Hossein Amini's adaptation conjures the brooding, morbid atmosphere of the book, but makes no attempt to duplicate its events to the letter. It has a refreshingly piratical attitude to its source, pillaging it for its cinematically useful bits and discarding the rest. The plot is pared down to a feverish three-hander between the socially precarious Kate Croy (a superb Helena Bonham Carter, with all the bruised sensuality of a noir femme fatale), the directionless young journalist Merton Densher (Linus Roache, full of subtle moral weakness) and the terminally-ill heiress Milly Theale (a plausibly doomed Alison Elliot), to whom Croy plans to marry Densher in a bid for his financial security. For comic relief, Amini has wisely retained Croy's suitor Lord Mark - played by Alex Jennings, smirking and drawling like a well-to-do piglet who's been at the washing sherry.

Amini's adaptation fills in some of the novel's blank areas: Kate's father Lionel Croy (a lugubrious Michael Gambon) is outed as an opium addict (though I'd always assumed that James meant his "unspeakable" disgrace to be homosexuality). Other silences from the novel remain unbroken - the nature of Milly Theale's illness remains mysterious, we don't learn how Densher manages to negotiate so much time away from the office and we don't discover which newspaper he writes for (though I suspect it's not the Weatherfield Recorder).

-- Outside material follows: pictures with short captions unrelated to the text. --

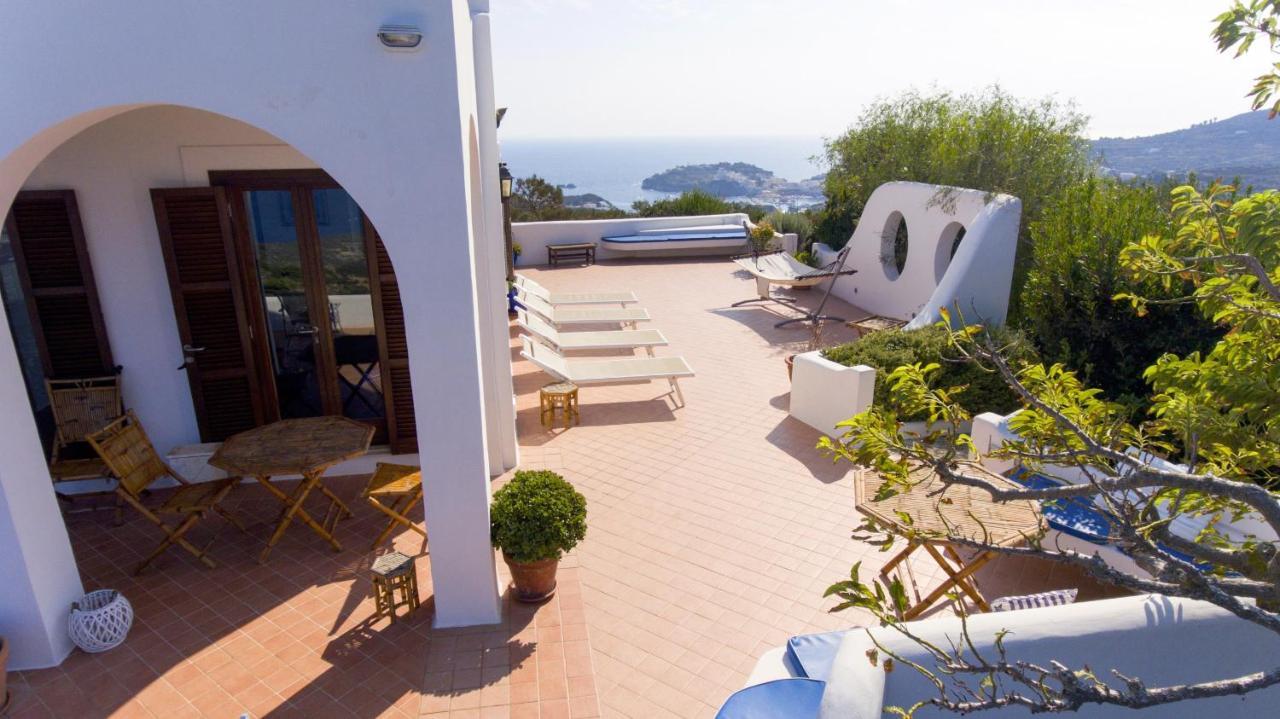 Guest House Villa Il Gabbiano Ponza Exteriér fotografie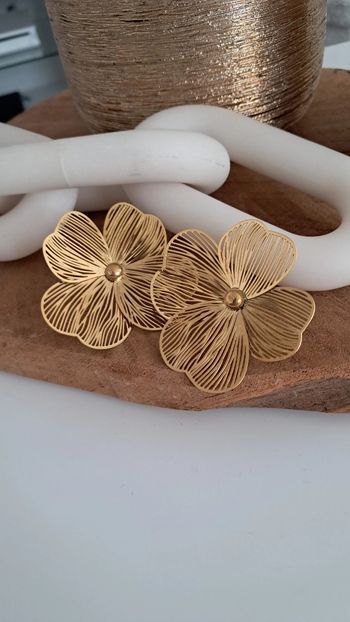 Boucles d'oreilles fleur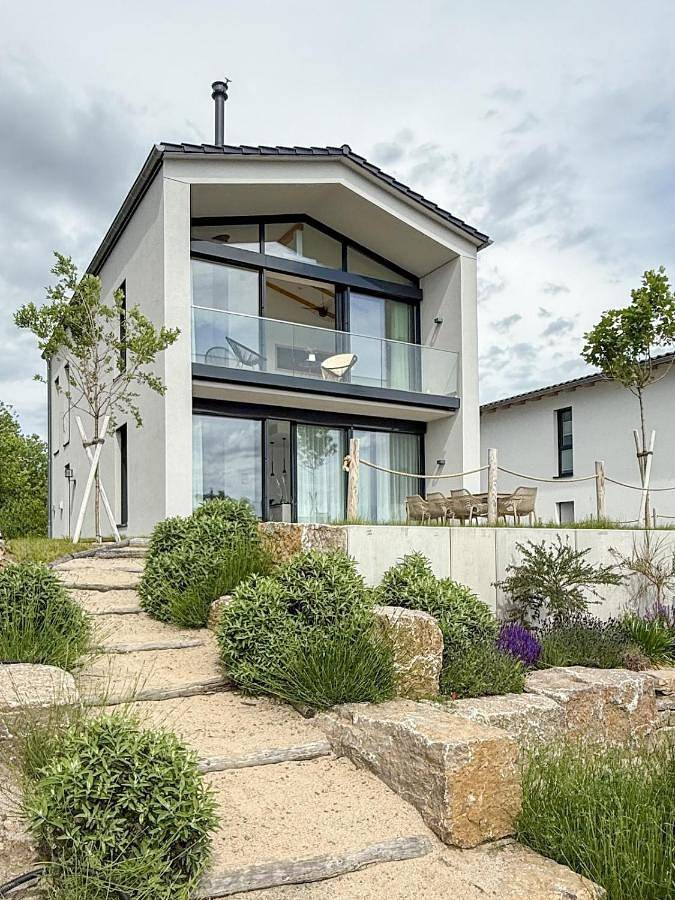 Ferienhaus für 6 Personen, mit Sauna und Garten sowie Seeblick und Ausblick, kinderfreundlich in Neukieritzsch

The Wings of the Dove's self- consciously contemporary opening titles are the first sign that this isn't your customary bit of decorous Brit-lit. And before these credits have finished rolling, Bonham Carter and Roache are having the sort of snog in a lift that's more commonly associated with aftershave ads than period drama. Softley evokes a sense of modernity wherever he can: he has dragged the date forward from 1902 to 1910, in order to liberate his female actors from whalebone and allow them looser, more contemporary body language; Linus Roache wears some chunky jumpers that I'd have been very pleased to have got for Christmas; there are as many wristwatches, telephones and cars as the budget will provide, and there are scenes of gloomy, tearful, desperate sex that would make James Ivory jump on a chair and scream.

Once the action transfers from London to Venice, Softley is able to pursue a further detachment from historical specificity. In ageless canal locations, he can recreate the sickly, disorientating atmosphere of modern Venetian thrillers like The Comfort of Strangers or Don't Look Now - with no limitation imposed by the need to strew grit over the double yellow lines or wrap ivy around parking meters. (Perhaps taking this too far, some versions of the film's poster inadvertently included a vaporetto chugging towards the menage-a-trois's gondola.)

Director of photography Eduardo Serra has created a glacially cold world full of feathers, rich silks and fag-ash. Actors are framed against cobalt blue Islamic tiles, midnight blue canal water, peacock blue dress fabrics and the royal blue spines of parliamentary reports. But it's the performances by Roache and Bonham Carter that make this film such a darkly irresistible pleasure. Softley lets the camera look long and hard at these morally lost lovers - the nearest any director could get to the dense nuances of Jamesian prose - and lights them so that their pupils often seem completely black, as if concocting their selfish little plot has already placed them beyond redemption. Sumptuous, smart and full of grown-up glamour, Softley's film is as deep and dirty as the Gran Via.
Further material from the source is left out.